A brief update on the Evergrande situation

We recently had a few queries in relation to the evolving situation with Evergrande, so thought it would be good to provide a brief update here. If you are wanting to discuss in more detail, then please get in touch with me at pete@pekada.com.au.

We continue to monitor the impact of the Evergrande situation. After showing signs of stabilising, the missed repayment earlier this week by Evergrande has heightened concerns once again. Our expectation is that any debt defaults by Evergrande will not create systematic financial dysfunction in the same way that Lehman Brothers’ collapse did in the GFC. Although the cause of the financial difficulties have similarities, there are key differences in the prevailing environment and how the relevant financial institutions are managed and supervised. Unlike the situation prevailing in the GFC, funding costs are exceptionally low, and liquidity & loan availability remains healthy across the global financial system. In addition, there has been no widespread collapse of the price of property assets underpinning the security of loans made by financial institutions.

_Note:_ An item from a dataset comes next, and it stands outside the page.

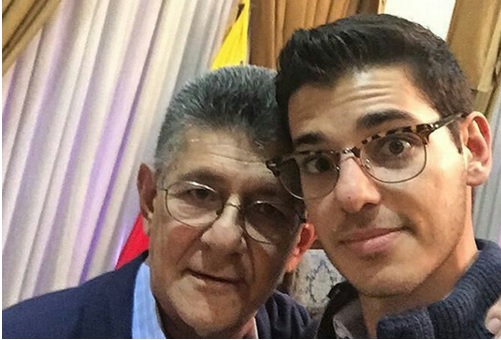 Ramos Allup y uno de sus hijos denuncian atropellos en Maiquetía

Being a Chinese based property developer, the contagion risks of any default by Evergrande is expected to be managed by Chinese authorities. With many forms of direct control and financial support at their disposal, Chinese authorities are well placed to manage any single bankruptcy by providing financial assistance and credit provision on a targeted basis. As such, whilst there are risks associated with the recent event surrounding Evergrande, we don’t believe it will be a catalyst for wider dysfunction. Chinese equity values have already significantly adjusted downwards in response to this and other risks and we believe there are now adequately priced into the market.